The Queen, the coronation, and a box with a little window
I was five when my father drove us from rural Sussex into the heart of London town. It was two days before the coronation. With the hood down, my two brothers (three and seven years old) and I were squashed on the worn red leather back seat. The car was an open Hudson Terraplane Eight – an exotic American barouche.
We had made our way to the Victoria memorial right in front of Buckingham Palace. In those days cars circulated round “Old Vic”, and I seem to remember that there was a swirl of almost stationary traffic moving sluggishly from there up and down the Mall.

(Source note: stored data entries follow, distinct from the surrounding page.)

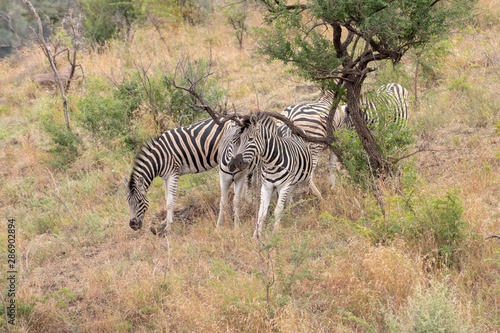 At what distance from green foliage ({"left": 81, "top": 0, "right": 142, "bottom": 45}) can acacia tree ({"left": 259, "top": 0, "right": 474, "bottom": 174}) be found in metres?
12.0

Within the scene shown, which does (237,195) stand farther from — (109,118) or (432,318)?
(109,118)

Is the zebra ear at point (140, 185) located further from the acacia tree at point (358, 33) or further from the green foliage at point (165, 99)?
the green foliage at point (165, 99)

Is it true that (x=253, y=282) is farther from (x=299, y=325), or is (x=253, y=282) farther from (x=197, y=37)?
(x=197, y=37)

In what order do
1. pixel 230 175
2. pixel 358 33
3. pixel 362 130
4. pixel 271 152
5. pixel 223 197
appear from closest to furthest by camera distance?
pixel 358 33
pixel 271 152
pixel 362 130
pixel 230 175
pixel 223 197

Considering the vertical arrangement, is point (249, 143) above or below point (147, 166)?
above

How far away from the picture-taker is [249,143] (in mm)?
5754

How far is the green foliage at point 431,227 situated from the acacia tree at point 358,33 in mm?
1247

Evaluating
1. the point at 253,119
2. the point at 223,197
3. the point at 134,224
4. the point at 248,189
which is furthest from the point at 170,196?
the point at 253,119

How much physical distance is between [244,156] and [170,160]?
1.70 meters

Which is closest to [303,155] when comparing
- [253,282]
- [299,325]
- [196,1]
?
[253,282]

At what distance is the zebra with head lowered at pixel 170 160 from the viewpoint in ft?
21.8

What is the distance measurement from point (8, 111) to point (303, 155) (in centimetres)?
1118

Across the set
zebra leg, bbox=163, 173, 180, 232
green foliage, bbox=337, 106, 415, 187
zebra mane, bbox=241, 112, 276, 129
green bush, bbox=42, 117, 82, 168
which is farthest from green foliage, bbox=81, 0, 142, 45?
green foliage, bbox=337, 106, 415, 187

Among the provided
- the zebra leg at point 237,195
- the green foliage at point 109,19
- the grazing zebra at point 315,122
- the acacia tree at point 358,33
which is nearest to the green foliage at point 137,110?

We had a huge advantage over the “closed” cars that we found on either side of us, because in amongst us were corporation dustcarts full of refuse workers. The dustcarts were contraptions with a semi circular super-structure, and sliding lids through which the rubbish was normally tipped.
But each of the openings was full of capped smiling workers’ faces. They were throwing what seemed to be vast quantities of boiled sweets at us. I counted 10 barley sugars in my lap, and could see other children with arms outstretched from their car windows trying to grasp for more.
Two days later I was taken to the tobacco smoke-filled room of a neighbour who had a device I had never seen before. It was a television. I confess I have written about it before.
There was this vast wooden box in the corner of the room. It had a walnut facia, and a little window in the front. The little window was perhaps 10 inches by eight. Maybe I exaggerate its smallness. The sound was loud, but the picture in the little window was fuzzy and grey, with occasional diagonal line of interference.
I remember glimpsing a gloved hand, the outline of a coach, the sound of horse, music, and blurred faces. My father tut-tutted of the device: “This will never catch on.” This was my coronation.
Little did I know that one day that “little window” would grow far, far, bigger and that one day I would be peering out of it.
Yesterday, on the 60th anniversary of the coronation, I found myself cycling along Regent Street. For a moment, I thought I was cycling beneath a gigantic advertisement for Silk Cut cigarettes. The trademark purple was everywhere.
Then I realised, that each of these identical purple and gold flags was to remind us of the coronation. So I came to remember that long day 60 years ago, trundling around in that open-topped car, hoarding barley sugars.